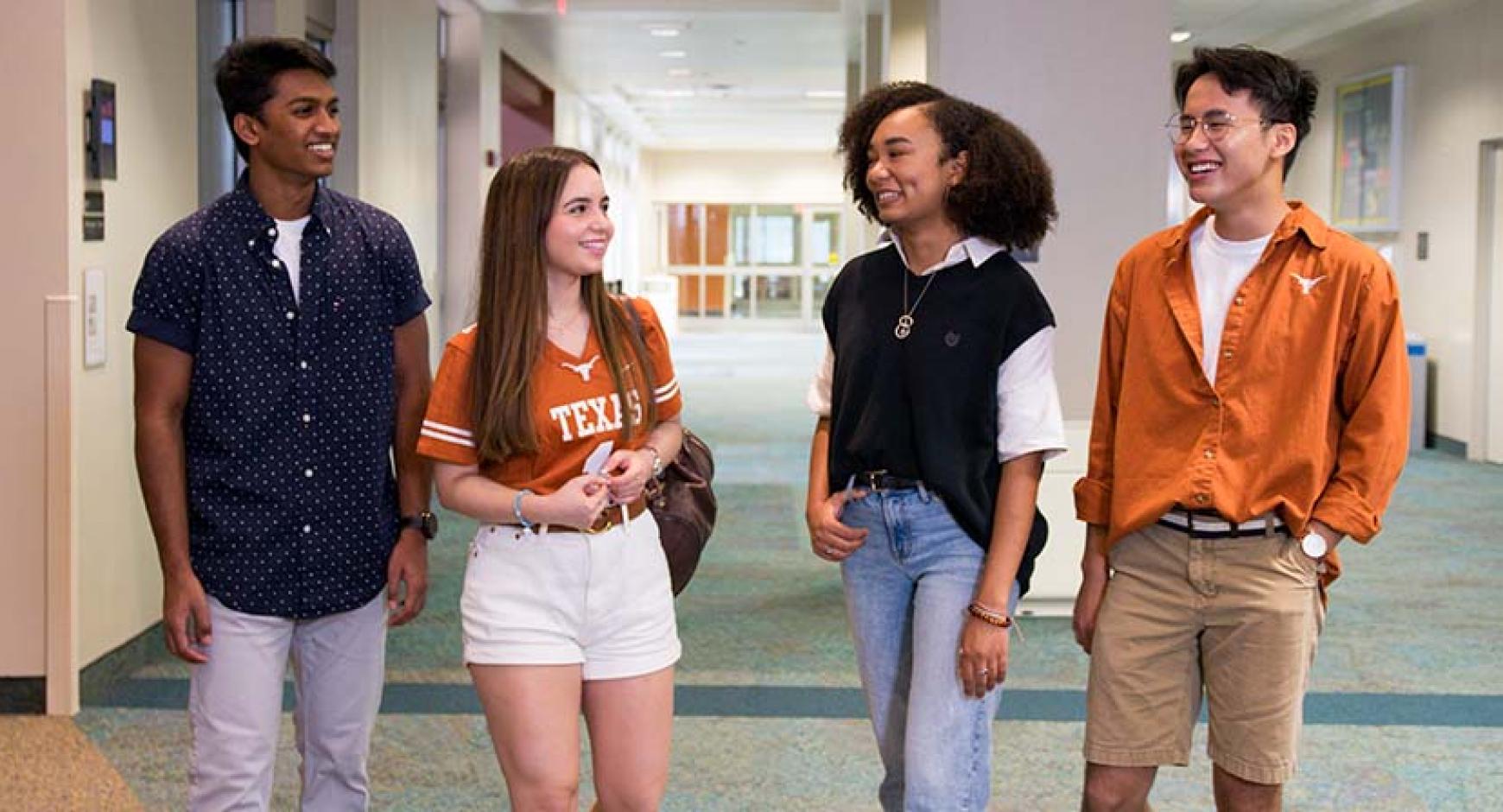 Students talking in a dorm hallway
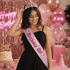 Woman wearing a Birthday Girl sash at a birthday party with balloons, cake and celebration decor.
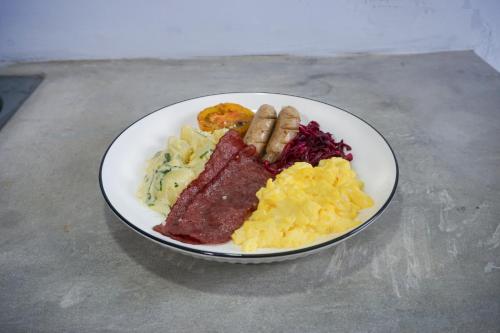 a plate of food with meat scrambled eggs and sausage at Treehita Cabin Jogja in Sleman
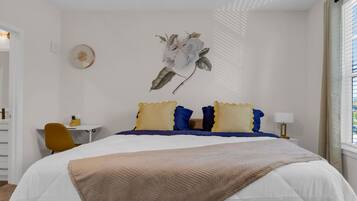 A bedroom with a bed, a desk, a chair, and a wall-mounted clock.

_EXERCISE DETAILS_
Skip the pictures. Write out exactly the lines from the one with "a plate of food" through the last line of the listing, both ends included, and nothing more.

_ANSWER FOR THE TASK_
 a plate of food with meat scrambled eggs and sausage at Treehita Cabin Jogja in Sleman
 A bedroom with a bed, a desk, a chair, and a wall-mounted clock.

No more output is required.